- THE TASK
Copy each line below as written, but skip the pictures.

##### EXTRACTED DATA

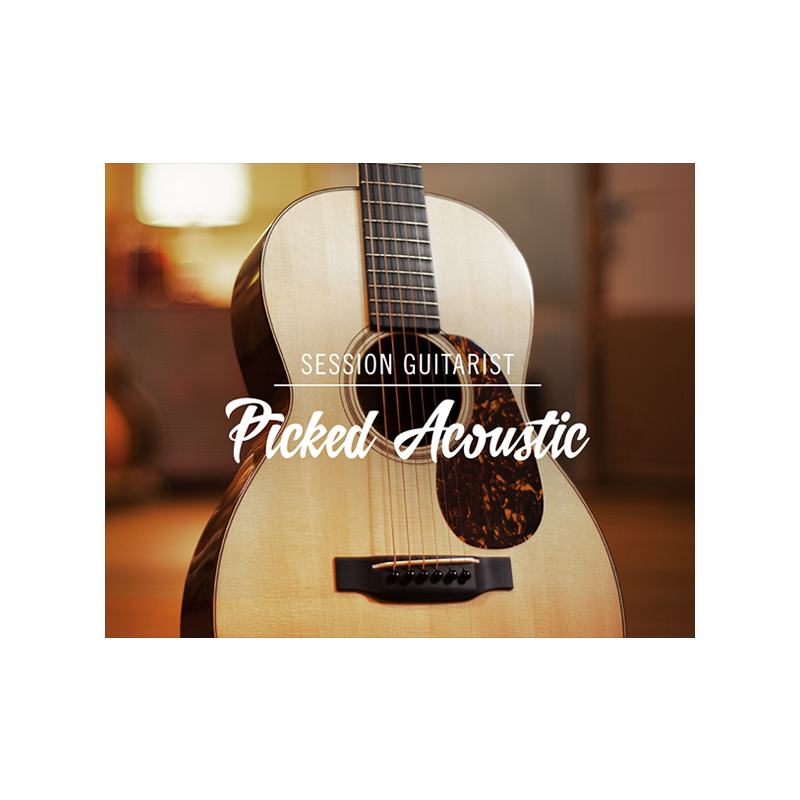 Native Instruments / Session Guitarist – Picked Acoustic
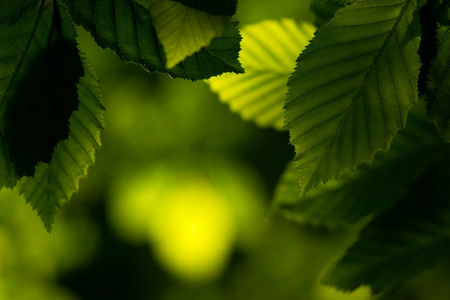 天气 美丽的 阳光 成长 生态学 植物区系 植物 颜色 纹理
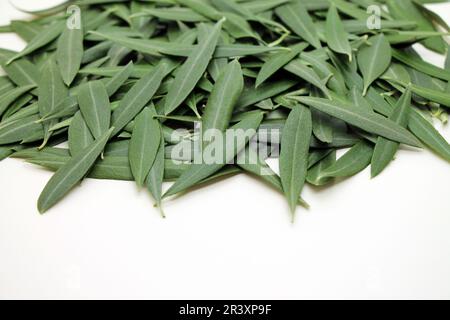 Frische Olivenbaumblätter auf weißem Hintergrund. Medikament zur Blutdrucksenkung. Stockfoto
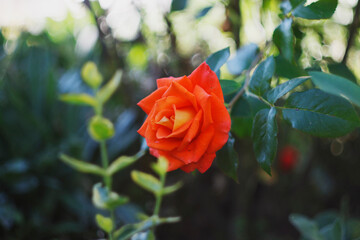 red rose in garden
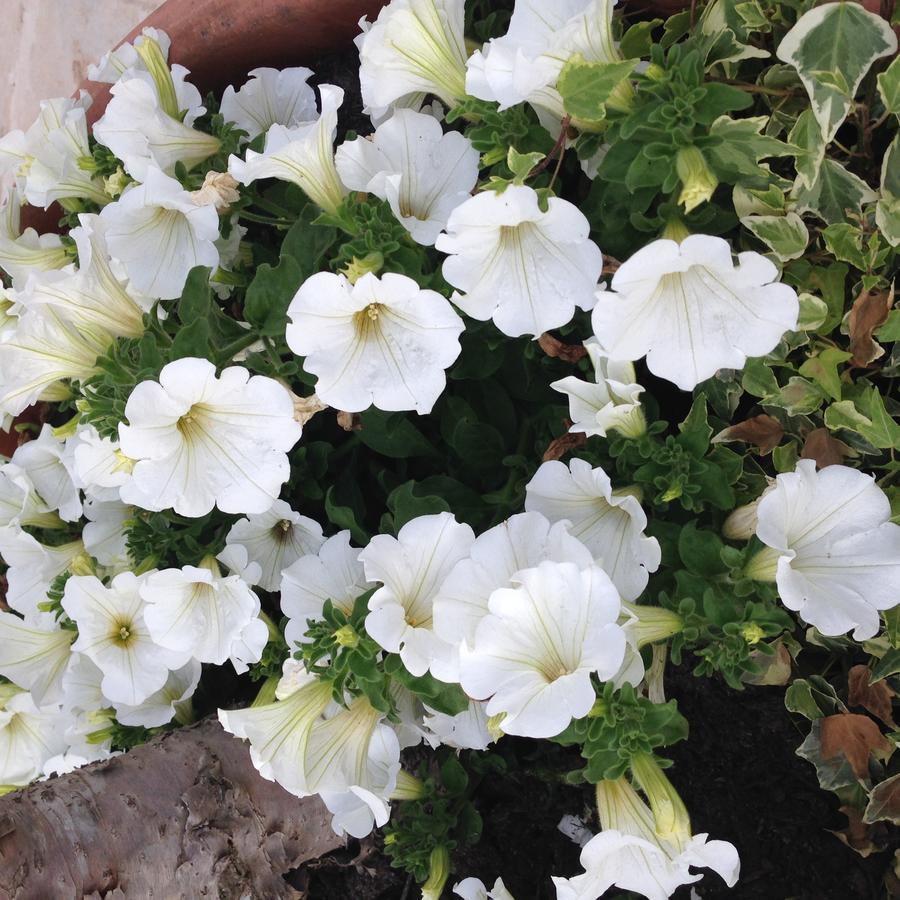אלברובלו Resort Romano In Trulli מראה חיצוני תמונה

##########

- OUTPUT OF THE EXERCISE
 Native Instruments / Session Guitarist – Picked Acoustic
 天气 美丽的 阳光 成长 生态学 植物区系 植物 颜色 纹理
 Frische Olivenbaumblätter auf weißem Hintergrund. Medikament zur Blutdrucksenkung. Stockfoto
 red rose in garden
אלברובלו Resort Romano In Trulli מראה חיצוני תמונה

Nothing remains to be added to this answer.